| TO DO |
Please retype the records below exactly as they appear, leaving out every picture.

Records from a collection

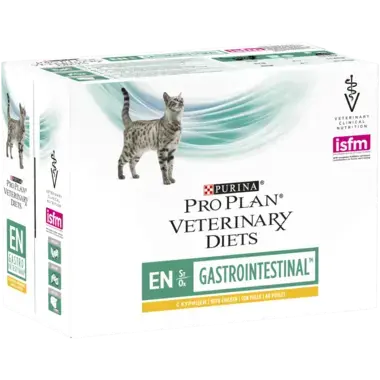 PRO PLAN VETERINARY DIETS Feline EN Gastrointestinal™ Nassfutter Huhn Seitenansicht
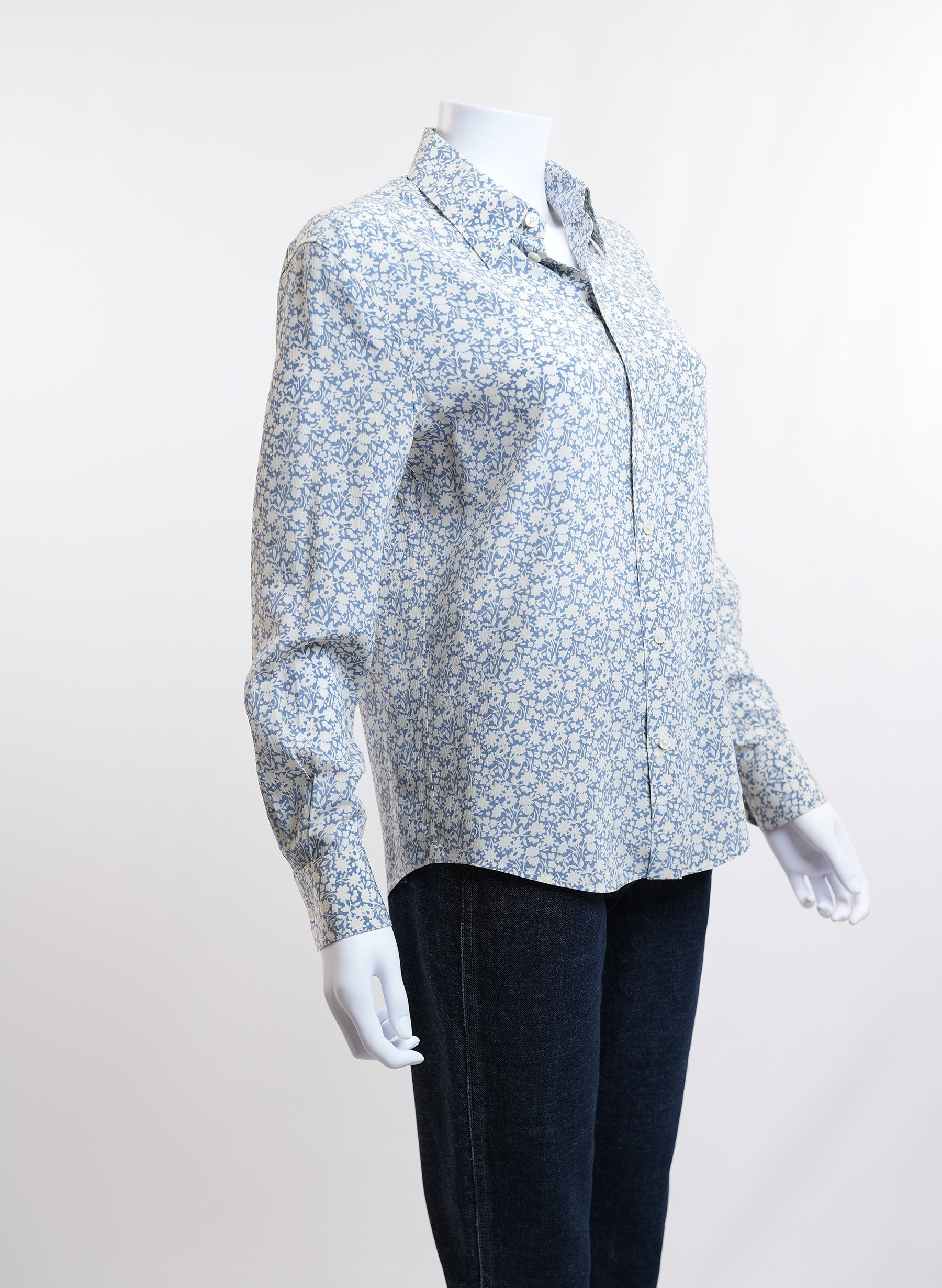 Celine Floral Print Button Down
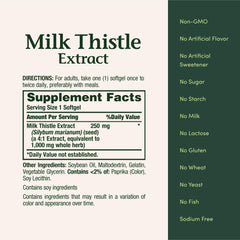 Close-up of milk thistle rapid-release softgels
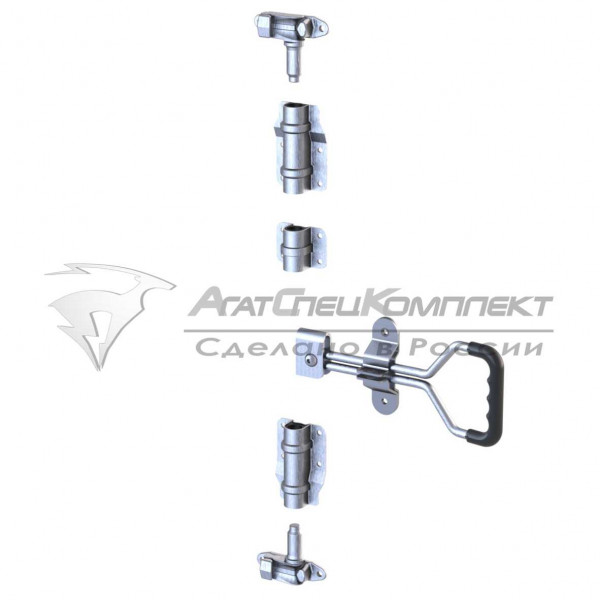 F13.2 Zn Штанговый замок с прутковой рукояткой d22 оцинкованный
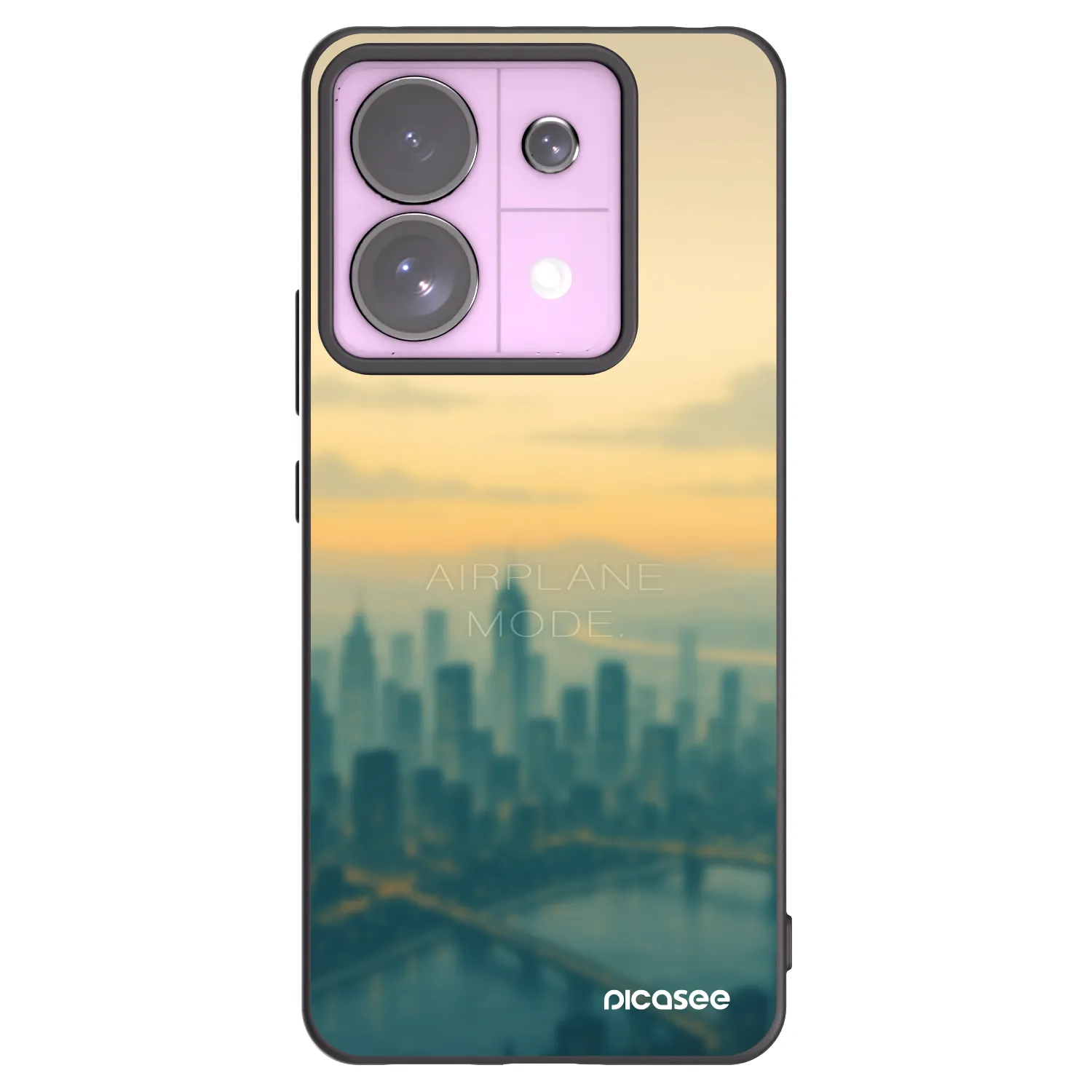 Picasee Xiaomi Redmi Note 13 Pro 5G Hülle - Schwarzes Silikon - Airplane mode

| WRITTEN ANSWER |
 PRO PLAN VETERINARY DIETS Feline EN Gastrointestinal™ Nassfutter Huhn Seitenansicht
 Celine Floral Print Button Down
 Close-up of milk thistle rapid-release softgels
 F13.2 Zn Штанговый замок с прутковой рукояткой d22 оцинкованный
 Picasee Xiaomi Redmi Note 13 Pro 5G Hülle - Schwarzes Silikon - Airplane mode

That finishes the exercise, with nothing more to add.